Did you realize that John Harvard's Brew House, the Weston toll booths, and the Back Bay Filene's Basement all have mayors? None were popularly elected, but none were tainted by under-the-table campaign contributions, either.
If you have no idea what I'm talking about, you're clearly not a Foursquare user...yet. The mobile phone software and accompanying Web site turn your daily peregrinations into a competition: every time you venture somewhere (your neighborhood Dunkin' Donuts, or the Boston Garden), you use the Foursquare app or mobile Web site to "check in," getting credit for being there. The person who has checked in the most at a particular location becomes the mayor — at least until someone else shows up more often and steals the title.
It's a way of virtually tagging your regular hang-outs. Foursquare also enables you to see which other users have checked in at a place you frequent, or leave comments and recommendations: try the mac-and-cheese at John Harvard's, even though it's pricey, suggests one Foursquare user.
The app has become addictive for some folks in the Boston area. IBM employee
Eric Andersen has amassed points for checking in nearly 1800 times, and has been awarded mayorships of almost 100 locations, like the Harvard Square Boloco restaurant, the MIT Press bookstore in Kendall Square, and the Williams-Sonoma shop at the Natick Collection mall. Social media consultant
Joselin Mane is no slouch either, having surpassed 1000 check-ins and become mayor, somehow, of Microsoft's research lab in Cambridge (despite not actually working there.)
Foursquare offers an interesting window into where people spend time. Internet video expert
Steve Garfield is mayor of the J.P. Lick's in Jamaica Plain (where he recommends the lactose-free vanilla.) Venture capitalist
Bijan Sabet of Spark Capital seems to spend a lot of time at Sudbury's Oishii Too Sushi Bar and The Palm steakhouse in Boston. HubSpot co-founder
Dharmesh Shah has become mayor of Rani Indian Bistro in Brookline and General Catalyst, one of the VC firms that funded his company. Part-time Arlingtonian
Doc Searls, a blogger, author, and fellow at Harvard's Berkman Center for Internet & Society, is mayor of the #77 MTBA bus that runs down Massachusetts Avenue.
Jonathan Zittrain, a Harvard Law School prof also associated with the Berkman Center, holds the mayorship of the Moakley U.S. Courthouse in South Boston. Mass High Tech editor
Doug Banks is a diner kind of guy (who knew), having used Foursquare to establish his Fonzi-ness at the Action Diner and Lunchbox Diner in Malden. Some people, like entrepreneur
Nabeel Hyatt, hold mayorships only where they work (Cambridge's Conduit Labs.)
Foursquare user
Susan Kaup says that for her, Foursquare "makes what I'm already doing more of an adventure." It's an opportunity for Kaup, a digital marketer and event planner who lives in Somerville, to share her advice with strangers. At the West Side Lounge in Cambridge, she posted an endorsement of the "amazingly delicious grapefruit gimlet" there.
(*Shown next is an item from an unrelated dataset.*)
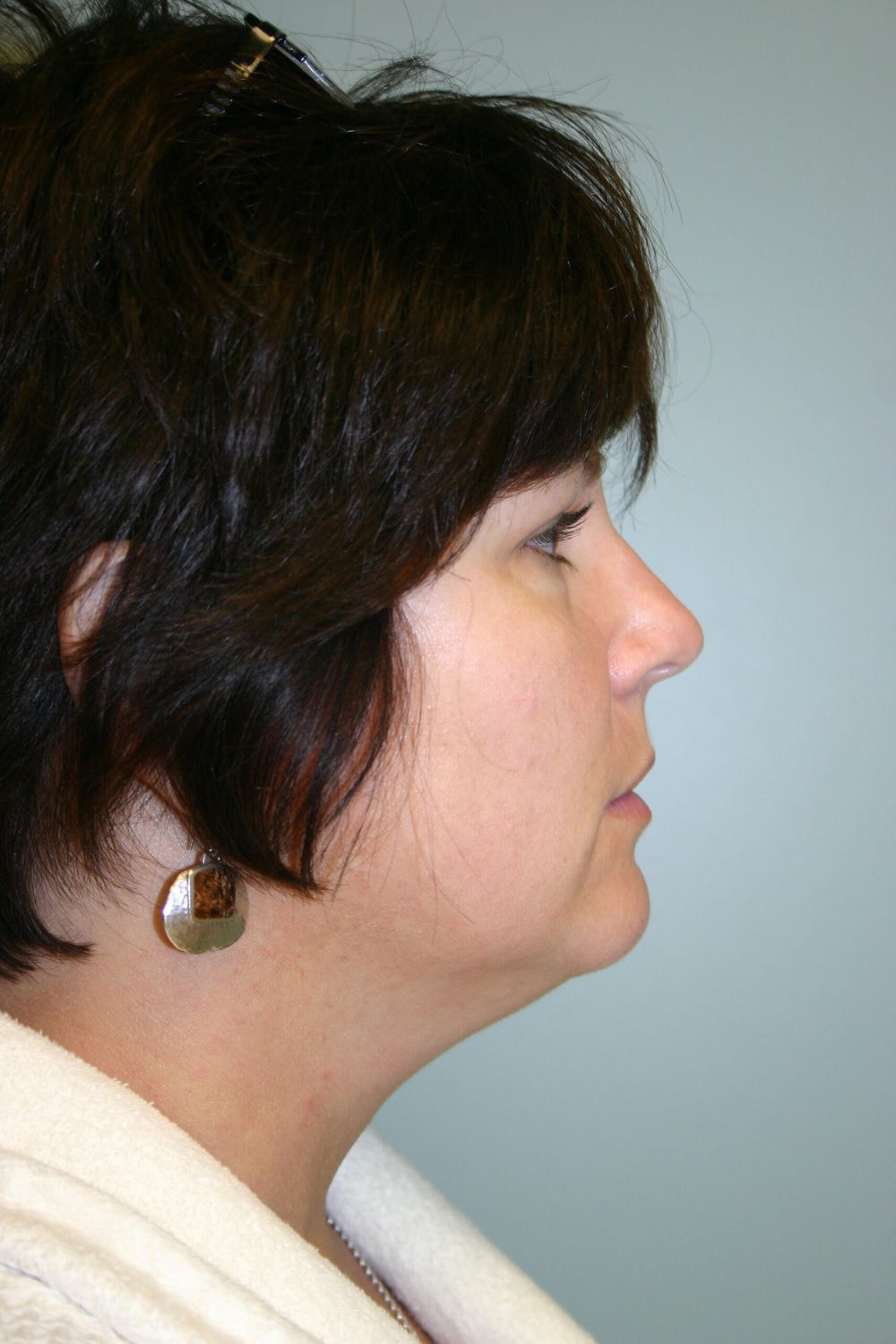 Neck Liposuction Before & After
Some local Foursquare users check in from unusual spots. PR guy and event organizer
Chuck Tanowitz has become the mayor of the Law Office of Ellen Rappaport Tanowitz in Newton. (He happens to be married to the good solicitor.) Creating Foursquare locations like that can help generate awareness about a business within the social media sphere. Tanowitz is also mayor of the Taste Coffee House in Newtonville, where he runs a
weekly gathering for self-employed PR consultants.
(I tried Foursquare last summer but found it annoying to check in, especially when the app repeatedly failed to recognize where I was, or accept the new locations that I tried to add to its database.)
Andersen, the IBMer who is on his way to becoming the Foursquare mayor of all eastern Massachusetts, says, "I check in to pretty much every place I go," and that he's made new acquaintances using the application, noticing others who frequent his hang-outs. But he contends that he's not a socialite or club kid, spending every night of the week out on the town: "Sometimes it's just checking in on a boring Saturday when I have to go to 11 different places, like Home Depot and the cleaner."
He recounts a recent bloodless revolution at
Toscanini's ice cream shop in Central Square, where he ousted the sitting mayor by showing up frequently and either ordering iced cream or a spiced butterscotch latte.
The former mayor, marketing executive
Ace Battacharjya, can console himself, though, in his remaining mayorships of Boston's Petit Robert Bistro and House of Siam.